## Data provided

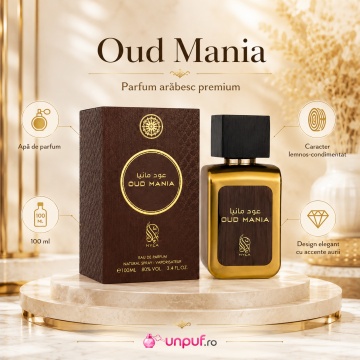 Parfum Oud Mania Nylaa 100 ml, Apa De Parfum, Unisex - Img 3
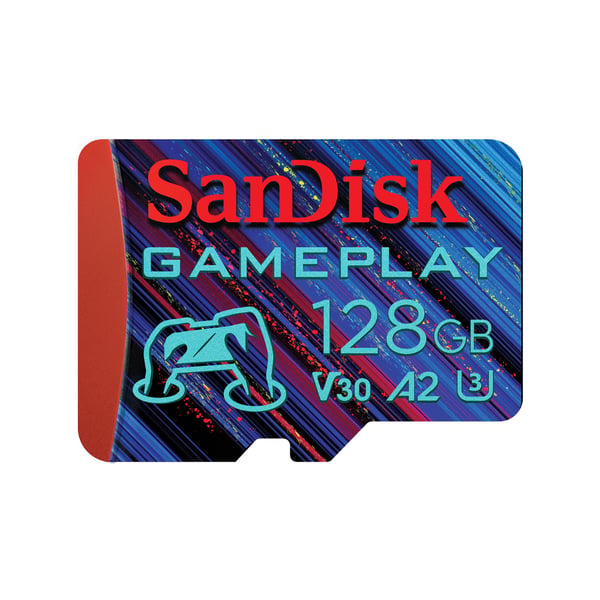 SanDisk GamePlay microSDXC UHS-I Hukommelseskort 128 GB 190/130 MB/s A2 V30 U3 Gaming (SDSQXAA-128G-GN6XN)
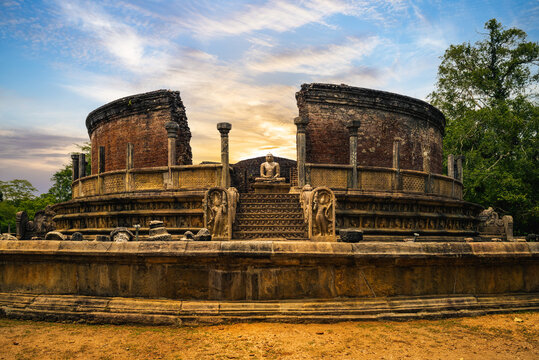 Sacred Quadrangle at Polonnaruwa Ancient city, unesco world heritage site in Sri Lanka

## Task objective
I'd like the material duplicated exactly, without its pictures.

## Task output
 Parfum Oud Mania Nylaa 100 ml, Apa De Parfum, Unisex - Img 3
 SanDisk GamePlay microSDXC UHS-I Hukommelseskort 128 GB 190/130 MB/s A2 V30 U3 Gaming (SDSQXAA-128G-GN6XN)
 Sacred Quadrangle at Polonnaruwa Ancient city, unesco world heritage site in Sri Lanka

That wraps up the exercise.